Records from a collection

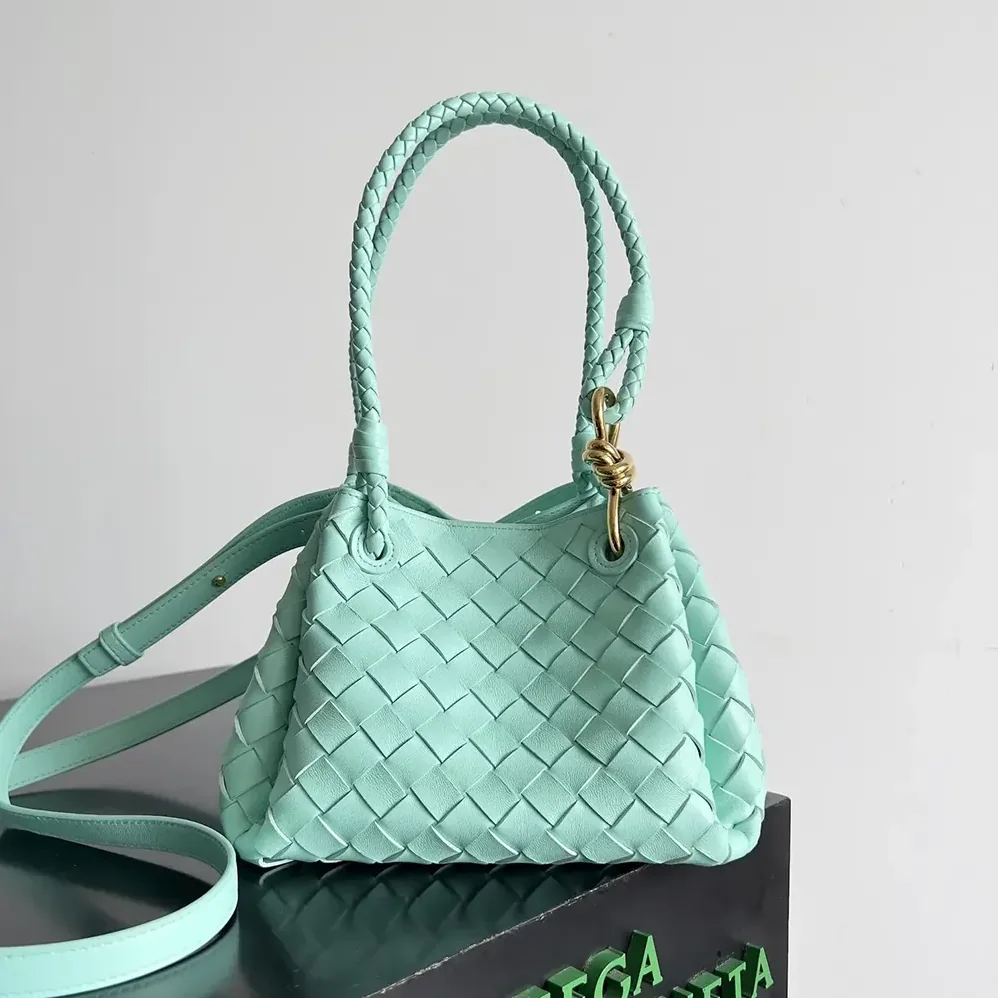 Bottega Veneta Small Andiamo Parachute for Women in Green oasis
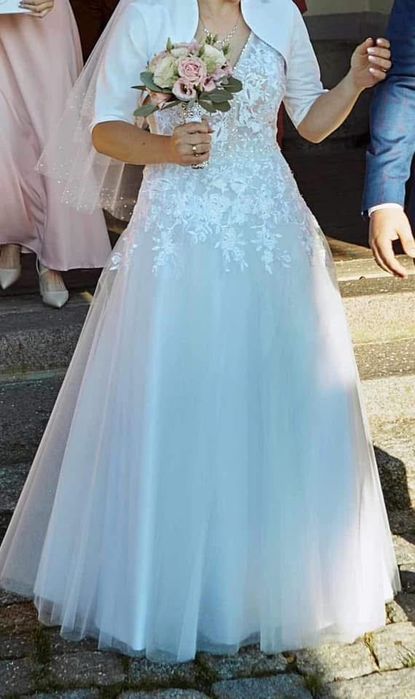 Suknia ślubna, bolerko i welon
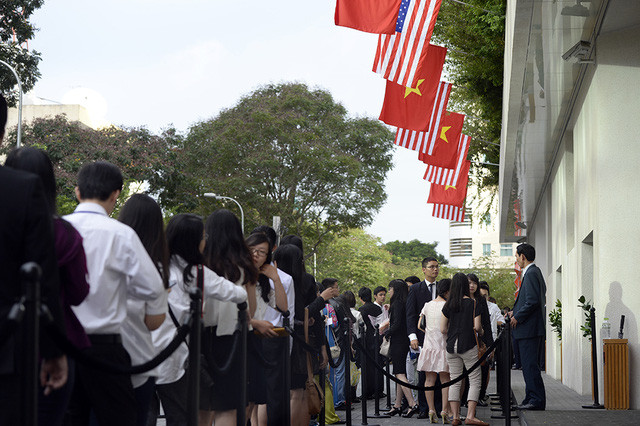 Siết chặt an ninh nơi Tổng thống Obama gặp 800 thanh niên Việt Nam ảnh 4 Siết chặt an ninh nơi Tổng thống Obama gặp 800 thanh niên Việt Nam ảnh 4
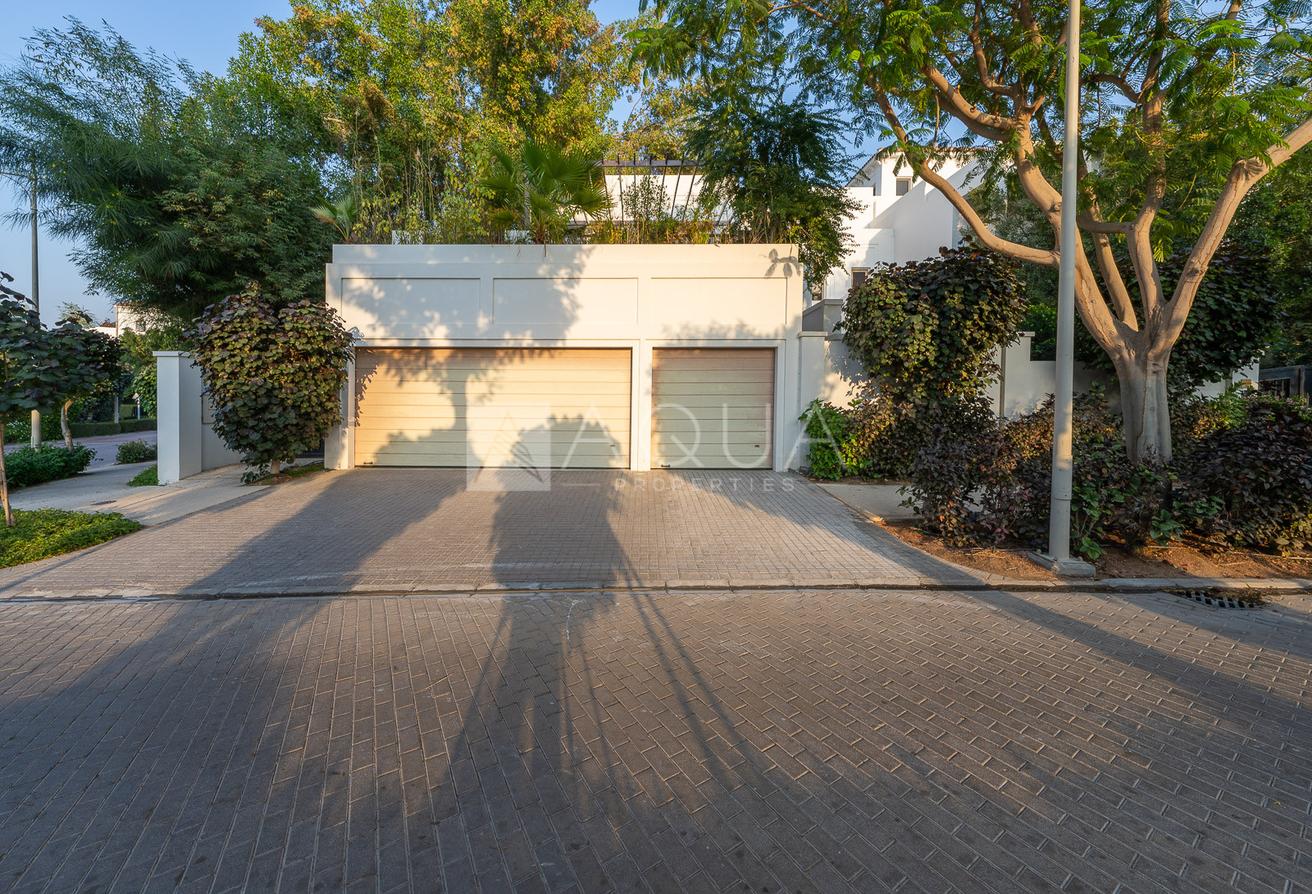 Corner Plot Acacia Villa with Lake View photo 30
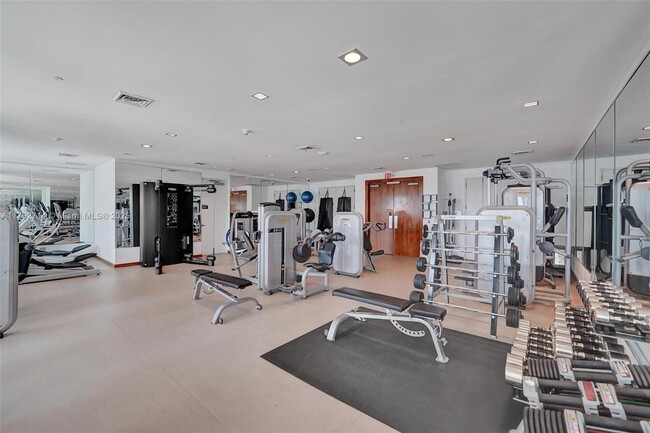 Building Photo - 101 S Fort Lauderdale Beach Blvd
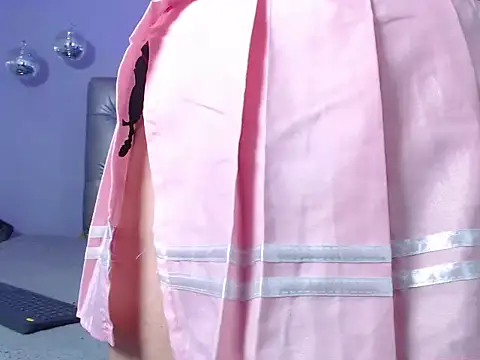 Emily_Swiftt webcam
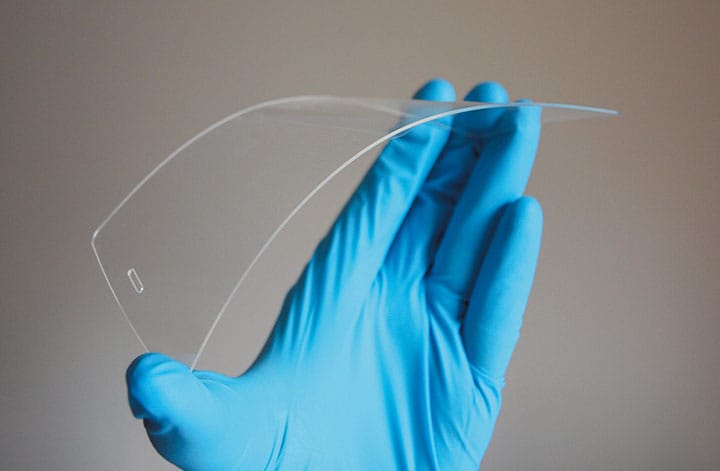 サセックス大学の研究者が開発した新素材は、薄くて丈夫なだけでなく曲げられるのも大きな特徴　University of Sussex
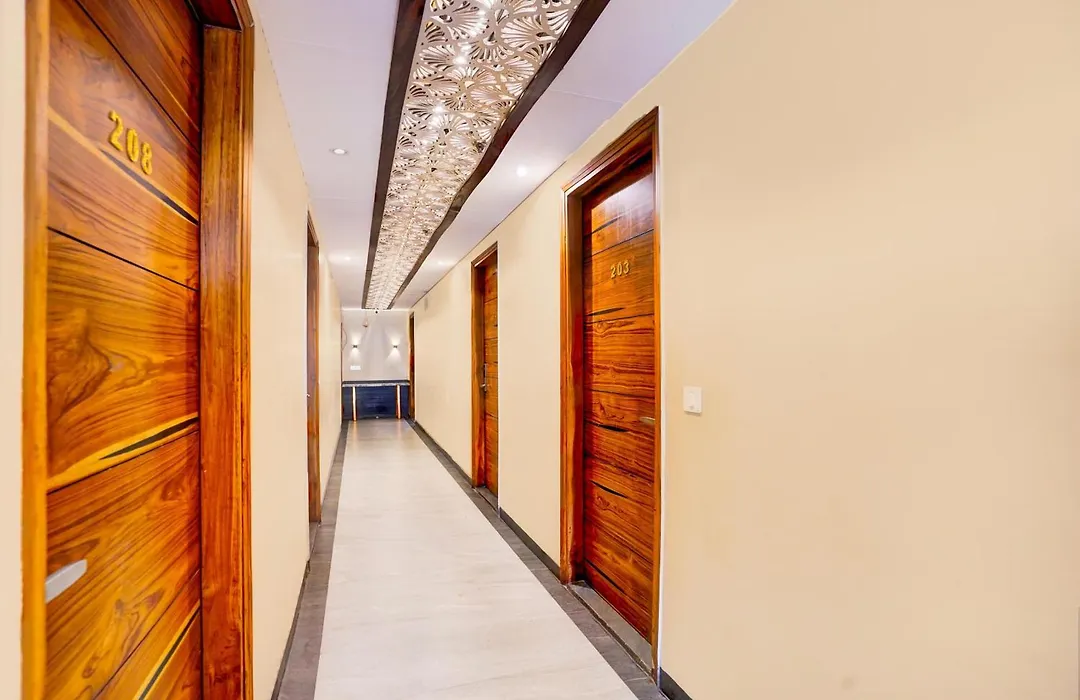 Super Townhouse Oak Sector 116 Noida-1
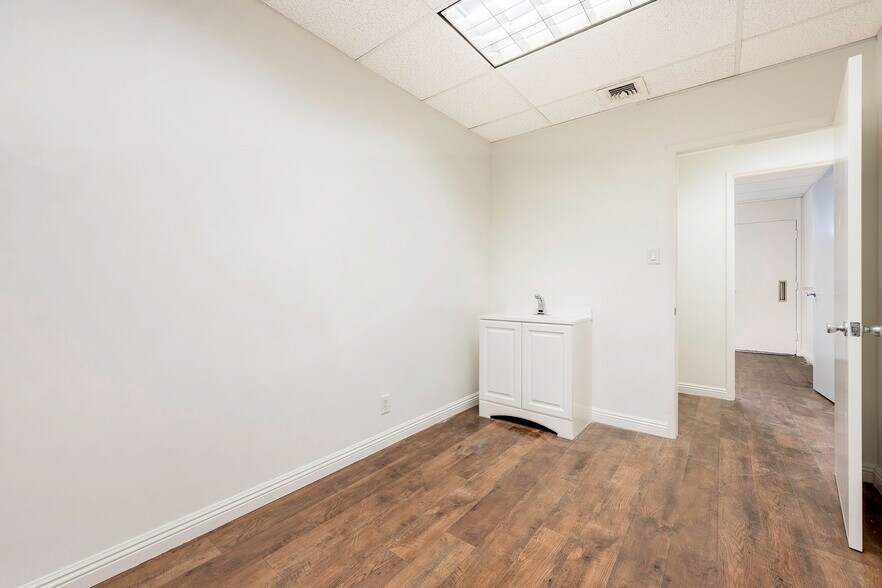 More Photos Of 2700 N Bellflower Blvd, Long Beach Medical For Lease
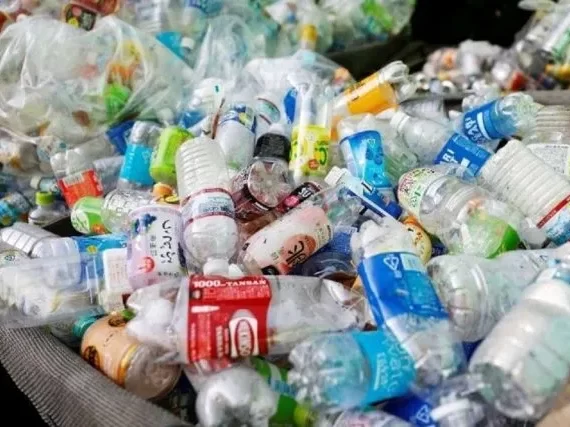 PET PLASTIC BOTTLE SCRAP/REGRIND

_Work request_
Leave the pictures out. Transcribe exactly the lines from the one with "Building Photo - 101" through the end of the records.

_Expected answer_
 Building Photo - 101 S Fort Lauderdale Beach Blvd
 Emily_Swiftt webcam
 サセックス大学の研究者が開発した新素材は、薄くて丈夫なだけでなく曲げられるのも大きな特徴　University of Sussex
 Super Townhouse Oak Sector 116 Noida-1
 More Photos Of 2700 N Bellflower Blvd, Long Beach Medical For Lease
 PET PLASTIC BOTTLE SCRAP/REGRIND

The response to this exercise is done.